Who can spy on your Internet browsing?

Internet service providers explain what South Africa’s RICA law requires of them

Internet service providers (ISPs) in South Africa must be able to divert a user’s traffic to an “interception point” on-demand as a requirement of RICA,Cybersmart CEO Laurie Fialkov recently told MyBroadband.

The Regulation of Interception of Communications and Provision of Communication-Related Information Act (RICA) was gazetted in 2003 and, after a number of extensions, service providers finally had to fully implement it by June 2011.

Part of the demands RICA places on ISPs, Fialkov added, is that they must be able to see what a user is connecting to, as well as broad classification of what the traffic is.

“For instance we can tell if it is adult content or video streaming or e-mail,” Fialkov said.

This type of interception may only happen when a person in law enforcement receives permission to do so, however.

Fialkov highlighted sections of RICA which specify that only retired judges, or a judge of a High Court not in active service may grant a “direction” to this effect.

This is the only way they are able to inspect a user’s traffic, Fialkov said, as they don’t store any information about which URLs or IPs users connect to.

Laurie Fialkov
Laurie Fialkov

 

Franco Barbalich from Axxess and Derek Hershaw from Mweb reiterated this, saying that they don’t store specific data about their subscriber’s Internet usage.

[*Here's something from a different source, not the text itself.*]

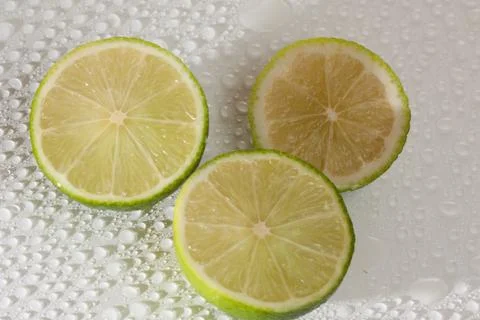 Lime with water drops Stock Photos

“At an individual user level we track total usage so that we can apply capping and so on,” explained Hershaw, who is head of Mweb ISP. This is for Mweb’s capped user-base.

Mweb also tracks the network protocols and services that are used by its subscribers at an aggregate level, Hershaw said. This is to do traffic management and shaping.

Asked how this data is stored and who has access, Hershaw said that it is secure.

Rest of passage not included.